An economist of HSBC forecast a 25-basis points cut in the Bangko Sentral key rates and another 200-basis points reduction in banks’ reserve requirement before the year-end as part of BSP’s measures to help lift the economy.
In a virtual briefing, HSBC Private Banking chief market strategist Fan Cheuk Wan said these reductions are targeted to ease liquidity and help in the government’s economic recovery program.
To date, the BSP’s policy-making Monetary Board has reduced the central bank’s key policy rates by a total of 175-basis points, 150 basis points of which was made since last March or within the first week of the enhanced community quarantine in Luzon, which was later followed by local government units in the Visayas and Mindanao.
For Metro Manila alone, the ECQ was extended until the end of May 2020.
The ECQ was implemented to address the rise of coronavirus disease cases by limiting people’s movement.
It, however, also affected economic activities in Luzon, for one, which accounts for about 70 percent of the country’s annual output.
Monetary officials have stepped up to help address the economic impact of the pandemic by cutting the BSP’s key policy rates as well as major banks’ reserve requirement ratio by 200-basis points, half of the 400-basis points that the MB authorized BSP Gov. Benjamin Diokno to implement this year.
These two measures, which are among the measures that the BSP has implemented so far to help buoy the domestic economy this year, aim to increase domestic liquidity and encourage lending needed to ensure robust economic activities.
Wan expects the next policy rate cut to materialize in the third quarter of the year, citing the recent rate cuts “have been aggressiv.”.
“I feel the BSP would also want to monitor the impact of the rate cut that has been delivered since the beginning of the year,” she said.

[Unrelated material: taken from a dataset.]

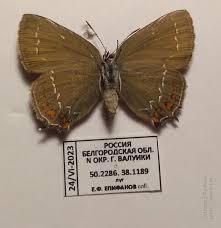 Attēlu rezultāti vaicājumam “Satyrium ilicis underside”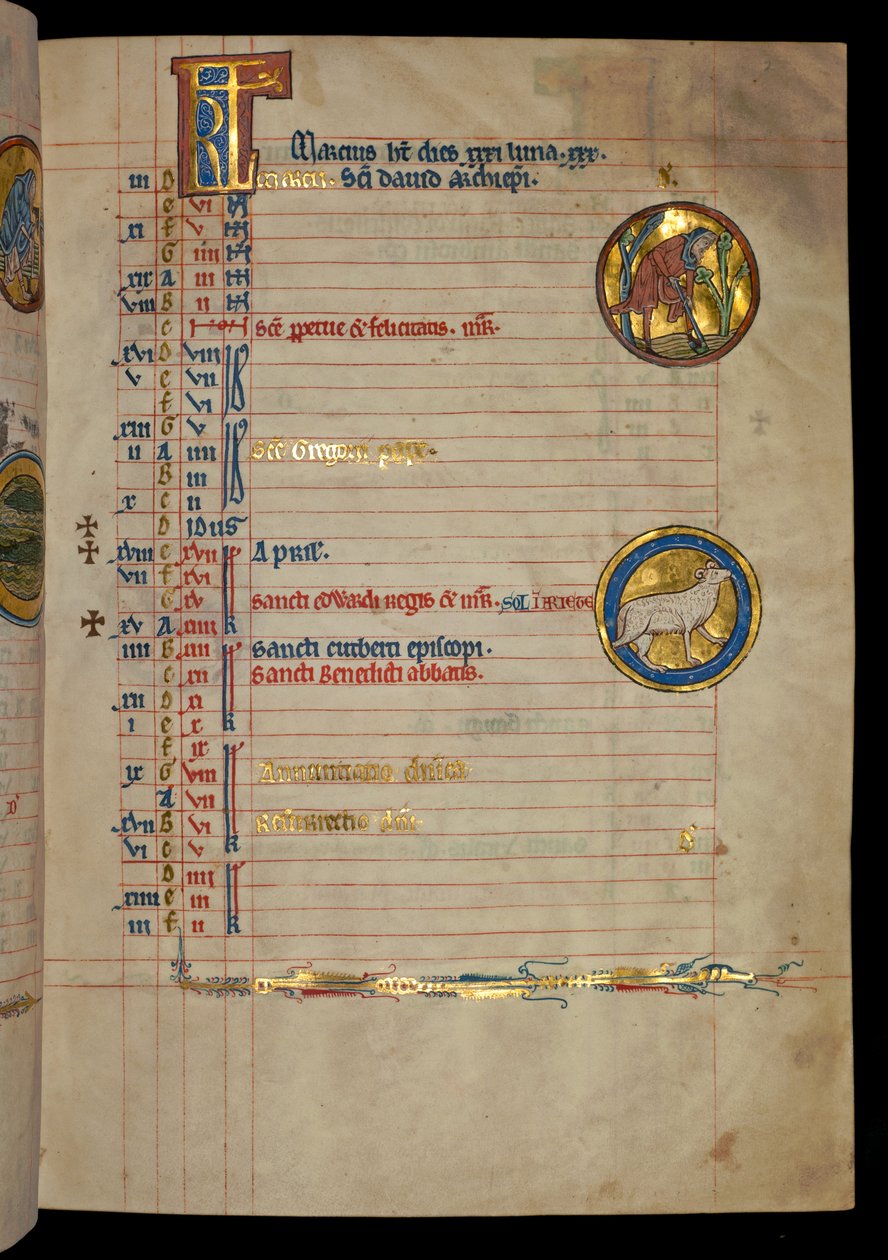 Ms 322 f.2r, March, mies kaivamassa, kuva "De Brailes Psalter" -kirjasta, n. 1250 tekijältä William de Brailes  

HSBC Private Banking Global chief market strategist Willem Sels said policy rate cut is a “common thing” among central banks to date to address the economic impact of the pandemic.
Sels even forecasts the Federal Reserve to hold its rates steady until end 2020 at between zero to 0.25 percent.
“That gives the opportunity for a lot of the emerging market banks to also cut their rates to stimulate the economy,” he said, adding the rate cuts do not necessarily affect the currency and are given because inflation remains low.
“So the Philippines is not alone, certainly not. There’s a whole list of emerging market central banks that are, you know, keeping rates low or cutting them,” he added.
In terms of gross domestic product, Wan expects the Philippine economy to contract by 3.9 percent this year but would recover to secen percent next year.
She said the gradual normalization of economic activities on account of the re-opening of the economy “will be a key driver on the health of rebound of consumption”.
HSBC’s earlier growth forecast for the domestic economy this year is an expansion of 6.4 percent.